Mientras se quemaba el incienso, todo el pueblo estaba orando afuera.
En eso, un ángel del Señor se le apareció a Zacarías. Estaba parado a la derecha del altar del incienso.
Cuando Zacarías lo vio, se desconcertó y le sobrevino un gran temor;
pero el ángel le dijo: «Zacarías, no tengas miedo, porque tu oración ha sido escuchada. Tu esposa Elisabet te dará un hijo, y tú le pondrás por nombre Juan.
Tendrás gozo y alegría, y muchos se regocijarán de su nacimiento,
pues ante Dios será un hombre muy importante. No beberá vino ni licor, y tendrá la plenitud del Espíritu Santo desde antes de nacer.
Él hará que muchos de los hijos de Israel se vuelvan al Señor su Dios,
y lo precederá con el espíritu y el poder de Elías, para hacer que los padres se reconcilien con sus hijos, y para llevar a los desobedientes a obtener la sabiduría de los justos. Así preparará bien al pueblo para recibir al Señor.»
Zacarías le preguntó al ángel: «¿Y cómo voy a saber que esto será así? ¡Yo estoy ya muy viejo, y mi esposa es de edad avanzada!»

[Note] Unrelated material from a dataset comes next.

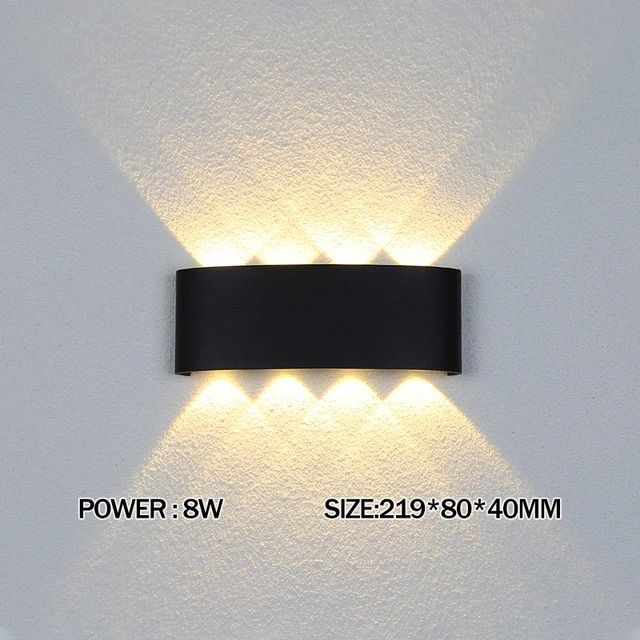 LED Wall Light Outdoor Waterproof Modern Indoor Lamp 13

El ángel le respondió: «Yo soy Gabriel, y estoy en presencia de Dios. He sido enviado a hablar contigo para comunicarte estas buenas noticias.
Pero como no has creído mis palabras, las cuales se cumplirán a su debido tiempo, ahora vas a quedarte mudo, y no podrás hablar hasta el día en que esto suceda.»
Mientras tanto, el pueblo esperaba a que saliera Zacarías, extrañados de que se tardara tanto en el santuario.
Pero cuando salió y no les podía hablar, comprendieron que habría tenido una visión en el santuario, pues les hablaba por señas y seguía mudo.
Cuando terminaron los días de su ministerio, Zacarías se fue a su casa.
Días después, su esposa Elisabet quedó encinta y se recluyó en su casa durante cinco meses, pues decía:
«El Señor ha actuado así conmigo para que ya no tenga nada de qué avergonzarme ante nadie.»